We should file a bug to GCC if it's not filed yet.

billatarm avatar Jan 31 '25 14:01 billatarm

I would like to point out though, the original author wasn't so sure either of the behavior on this:

 struct mbedtls_ssl_tls13_labels_struct const mbedtls_ssl_tls13_labels =
 {
    /* This seems to work in C, despite the string literal being one
     * character too long due to the 0-termination. */

billatarm avatar Jan 31 '25 15:01 billatarm

This is well-defined behavior in all versions of the C language, even back to K&R C AFAIR. Using a string literal as an initializer adds a null byte if there is room. The array size can be left empty, in which case the size includes a terminating null byte.
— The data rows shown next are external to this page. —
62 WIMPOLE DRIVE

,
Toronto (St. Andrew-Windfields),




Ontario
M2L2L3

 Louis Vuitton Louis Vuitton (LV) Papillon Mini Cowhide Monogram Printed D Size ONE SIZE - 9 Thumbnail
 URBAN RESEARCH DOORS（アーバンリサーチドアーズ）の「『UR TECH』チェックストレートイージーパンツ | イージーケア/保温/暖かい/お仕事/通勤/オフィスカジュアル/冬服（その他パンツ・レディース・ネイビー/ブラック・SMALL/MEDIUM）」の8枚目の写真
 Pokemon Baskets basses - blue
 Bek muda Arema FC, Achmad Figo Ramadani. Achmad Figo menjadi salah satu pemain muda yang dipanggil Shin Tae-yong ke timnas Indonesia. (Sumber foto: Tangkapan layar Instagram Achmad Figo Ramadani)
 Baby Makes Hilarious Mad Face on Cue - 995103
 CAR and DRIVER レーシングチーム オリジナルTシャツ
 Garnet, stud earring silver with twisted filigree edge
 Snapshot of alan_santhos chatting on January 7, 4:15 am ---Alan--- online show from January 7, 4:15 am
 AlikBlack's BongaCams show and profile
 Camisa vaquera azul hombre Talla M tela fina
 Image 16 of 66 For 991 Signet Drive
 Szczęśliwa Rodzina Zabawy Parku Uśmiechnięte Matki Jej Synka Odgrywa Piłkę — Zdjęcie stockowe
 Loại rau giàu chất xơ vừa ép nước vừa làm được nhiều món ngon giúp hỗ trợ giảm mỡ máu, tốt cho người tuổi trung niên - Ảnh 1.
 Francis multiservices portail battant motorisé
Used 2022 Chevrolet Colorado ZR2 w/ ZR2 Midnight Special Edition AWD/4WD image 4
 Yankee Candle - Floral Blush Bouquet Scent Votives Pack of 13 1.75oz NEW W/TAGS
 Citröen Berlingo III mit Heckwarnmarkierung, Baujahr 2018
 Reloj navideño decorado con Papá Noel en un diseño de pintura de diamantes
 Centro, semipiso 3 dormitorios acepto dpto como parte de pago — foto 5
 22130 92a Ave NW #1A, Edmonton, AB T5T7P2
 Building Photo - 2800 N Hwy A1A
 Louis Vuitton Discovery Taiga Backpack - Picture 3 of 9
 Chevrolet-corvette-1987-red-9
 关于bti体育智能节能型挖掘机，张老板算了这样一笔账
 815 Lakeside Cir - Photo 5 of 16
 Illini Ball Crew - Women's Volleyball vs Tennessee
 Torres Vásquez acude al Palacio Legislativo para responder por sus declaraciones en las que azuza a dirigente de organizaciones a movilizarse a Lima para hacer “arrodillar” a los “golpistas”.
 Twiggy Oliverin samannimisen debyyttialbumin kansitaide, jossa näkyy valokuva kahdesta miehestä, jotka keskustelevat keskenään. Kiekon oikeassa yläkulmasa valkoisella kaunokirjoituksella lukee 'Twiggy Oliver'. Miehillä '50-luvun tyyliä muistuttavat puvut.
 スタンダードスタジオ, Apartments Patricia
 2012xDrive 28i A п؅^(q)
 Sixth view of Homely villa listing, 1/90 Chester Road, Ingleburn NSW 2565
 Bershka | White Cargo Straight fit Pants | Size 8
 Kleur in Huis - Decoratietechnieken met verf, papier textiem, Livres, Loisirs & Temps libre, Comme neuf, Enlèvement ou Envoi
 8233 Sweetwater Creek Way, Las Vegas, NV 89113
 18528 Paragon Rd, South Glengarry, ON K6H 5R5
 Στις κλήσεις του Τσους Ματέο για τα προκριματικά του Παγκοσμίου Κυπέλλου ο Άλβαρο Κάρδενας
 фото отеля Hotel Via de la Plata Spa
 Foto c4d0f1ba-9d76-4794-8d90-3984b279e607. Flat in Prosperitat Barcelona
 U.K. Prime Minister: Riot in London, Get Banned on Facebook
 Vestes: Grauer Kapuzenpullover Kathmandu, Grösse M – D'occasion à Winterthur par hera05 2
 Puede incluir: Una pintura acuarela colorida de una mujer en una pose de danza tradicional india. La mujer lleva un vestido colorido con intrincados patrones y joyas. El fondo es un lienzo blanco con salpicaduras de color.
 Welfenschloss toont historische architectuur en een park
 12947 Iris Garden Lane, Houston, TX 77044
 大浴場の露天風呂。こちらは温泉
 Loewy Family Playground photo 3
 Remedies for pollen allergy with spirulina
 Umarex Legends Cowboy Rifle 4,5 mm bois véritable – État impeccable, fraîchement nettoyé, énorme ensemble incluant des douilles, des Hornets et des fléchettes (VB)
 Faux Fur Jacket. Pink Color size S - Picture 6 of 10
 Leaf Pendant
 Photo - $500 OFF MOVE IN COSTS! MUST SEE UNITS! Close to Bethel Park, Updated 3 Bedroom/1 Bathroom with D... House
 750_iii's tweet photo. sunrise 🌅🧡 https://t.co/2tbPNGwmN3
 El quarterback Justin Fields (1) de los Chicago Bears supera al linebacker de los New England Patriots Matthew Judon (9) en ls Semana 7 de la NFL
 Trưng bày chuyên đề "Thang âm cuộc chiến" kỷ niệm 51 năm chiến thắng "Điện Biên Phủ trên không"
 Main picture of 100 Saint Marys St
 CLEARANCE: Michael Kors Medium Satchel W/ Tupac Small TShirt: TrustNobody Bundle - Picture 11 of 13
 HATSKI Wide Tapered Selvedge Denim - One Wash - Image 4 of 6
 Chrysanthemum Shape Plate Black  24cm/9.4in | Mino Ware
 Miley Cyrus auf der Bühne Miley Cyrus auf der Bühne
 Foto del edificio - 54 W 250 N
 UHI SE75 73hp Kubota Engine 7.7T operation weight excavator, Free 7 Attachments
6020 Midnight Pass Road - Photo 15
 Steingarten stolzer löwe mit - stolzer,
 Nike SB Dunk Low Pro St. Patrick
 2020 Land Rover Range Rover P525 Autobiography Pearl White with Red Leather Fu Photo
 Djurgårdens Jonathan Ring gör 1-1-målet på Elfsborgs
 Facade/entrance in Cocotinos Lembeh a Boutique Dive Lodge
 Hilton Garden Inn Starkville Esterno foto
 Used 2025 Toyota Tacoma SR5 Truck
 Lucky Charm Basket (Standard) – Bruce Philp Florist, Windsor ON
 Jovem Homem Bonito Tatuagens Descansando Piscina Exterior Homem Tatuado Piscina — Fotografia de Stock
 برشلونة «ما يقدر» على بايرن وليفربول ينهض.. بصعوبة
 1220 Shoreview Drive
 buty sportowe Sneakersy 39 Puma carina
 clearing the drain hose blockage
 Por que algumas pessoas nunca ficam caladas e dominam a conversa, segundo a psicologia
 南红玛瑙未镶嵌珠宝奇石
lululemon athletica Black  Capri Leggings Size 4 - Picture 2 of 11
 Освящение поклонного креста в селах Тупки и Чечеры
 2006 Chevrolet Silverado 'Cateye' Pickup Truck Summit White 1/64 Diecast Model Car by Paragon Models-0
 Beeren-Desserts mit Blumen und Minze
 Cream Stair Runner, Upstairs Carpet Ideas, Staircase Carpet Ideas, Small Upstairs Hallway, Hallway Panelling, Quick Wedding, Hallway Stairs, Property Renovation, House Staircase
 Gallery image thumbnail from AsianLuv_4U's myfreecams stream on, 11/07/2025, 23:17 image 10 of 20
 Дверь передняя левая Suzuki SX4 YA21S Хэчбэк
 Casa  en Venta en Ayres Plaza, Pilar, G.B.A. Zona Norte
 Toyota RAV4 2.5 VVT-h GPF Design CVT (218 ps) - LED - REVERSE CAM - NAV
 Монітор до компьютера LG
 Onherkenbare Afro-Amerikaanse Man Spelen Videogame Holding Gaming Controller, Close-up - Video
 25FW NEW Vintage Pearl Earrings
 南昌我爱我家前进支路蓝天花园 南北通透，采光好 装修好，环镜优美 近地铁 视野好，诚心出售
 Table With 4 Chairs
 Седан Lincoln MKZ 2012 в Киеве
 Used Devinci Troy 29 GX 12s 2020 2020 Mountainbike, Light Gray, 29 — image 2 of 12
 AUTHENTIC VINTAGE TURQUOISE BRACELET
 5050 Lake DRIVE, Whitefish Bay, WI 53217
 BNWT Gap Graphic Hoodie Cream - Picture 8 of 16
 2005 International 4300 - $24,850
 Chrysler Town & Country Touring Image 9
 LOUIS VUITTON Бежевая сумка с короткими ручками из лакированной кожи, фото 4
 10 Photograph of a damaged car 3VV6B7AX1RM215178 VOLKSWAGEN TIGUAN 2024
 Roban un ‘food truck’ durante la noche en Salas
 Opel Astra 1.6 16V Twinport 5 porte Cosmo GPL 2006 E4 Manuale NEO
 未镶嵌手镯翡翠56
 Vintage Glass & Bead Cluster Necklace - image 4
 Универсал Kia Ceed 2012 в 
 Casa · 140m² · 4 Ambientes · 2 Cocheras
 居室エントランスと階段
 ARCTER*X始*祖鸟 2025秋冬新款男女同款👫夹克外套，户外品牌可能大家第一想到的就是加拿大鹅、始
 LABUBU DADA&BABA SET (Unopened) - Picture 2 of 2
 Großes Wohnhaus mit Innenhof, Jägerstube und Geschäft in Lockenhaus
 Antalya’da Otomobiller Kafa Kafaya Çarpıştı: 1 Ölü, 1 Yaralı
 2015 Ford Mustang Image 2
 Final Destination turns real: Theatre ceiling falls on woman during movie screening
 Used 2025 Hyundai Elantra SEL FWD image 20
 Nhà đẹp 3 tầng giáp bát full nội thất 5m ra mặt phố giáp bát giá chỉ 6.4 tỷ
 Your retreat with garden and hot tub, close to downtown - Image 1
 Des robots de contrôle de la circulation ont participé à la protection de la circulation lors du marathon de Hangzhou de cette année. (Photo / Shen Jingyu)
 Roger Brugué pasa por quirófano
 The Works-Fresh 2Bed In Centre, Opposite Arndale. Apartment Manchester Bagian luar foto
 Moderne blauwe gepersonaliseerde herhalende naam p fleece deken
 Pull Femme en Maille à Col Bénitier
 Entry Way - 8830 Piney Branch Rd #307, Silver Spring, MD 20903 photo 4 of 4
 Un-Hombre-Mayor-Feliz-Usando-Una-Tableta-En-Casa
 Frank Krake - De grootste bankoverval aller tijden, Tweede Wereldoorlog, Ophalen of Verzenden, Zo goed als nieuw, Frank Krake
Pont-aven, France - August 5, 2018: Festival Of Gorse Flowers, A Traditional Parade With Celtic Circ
The following examples illustrate array initialization (hopefully I didn't make any copypasta). All are fully defined in all versions of the C language.

    /* The following initialize 4 non-null bytes: */
    char explicit_braces_array[4] = {'a', 'b', 'c', 'd'};
    char implicit_braces_array[] = {'a', 'b', 'c', 'd'};
    char explicit_quotes_array[4] = "abcd";

    /* The following initialize 4 bytes, the last one being null: */
    char explicit_braces_array0[4] = {'a', 'b', 'c', 0};
    char explicit_braces_array_partial[4] = {'a', 'b', 'c'};
    char implicit_braces_array0[] = {'a', 'b', 'c', 0};
    char explicit_quotes_string[4] = "abc";
    char explicit_quotes_string0[4] = "abc\000";
    char implicit_quotes_string[] = "abc";

    /* The following initialize 4 bytes, the last two being null: */
    char explicit_braces_array00[4] = {'a', 'b', 0, 0};
    char explicit_braces_array_partial[4] = {'a', 'b'};
    char implicit_braces_array00[] = {'a', 'b', 0, 0};
    char explicit_quotes_string00[4] = "ab\000\000";
    char explicit_quotes_string_partial[4] = "ab";
    char implicit_quotes_string0[] = "ab\000";

The warning from gcc -Wunterminated-string-initialization doesn't say “your code has undefined behavior”. It says “your code has behavior that may be surprising”. I don't see any reason to file a bug with GCC: the warning makes sense. In this case, we intended the behavior. The only thing I might want to change in GCC is to have a well-defined mechanism to say “I intended this”, but that's a very general problem with warnings in C.

One way to avoid the warning would be to use braced initializers instead of string literals. However, here, it would mean that the strings from the TLS specification wouldn't appear in the code, which is not good. If we choose to do that, we should keep the string in a comment. But that comes with a risk of typos in the comment. (Typos in the code would be caught immediately by interoperability tests.) Fortunately we don't add or modify such code often.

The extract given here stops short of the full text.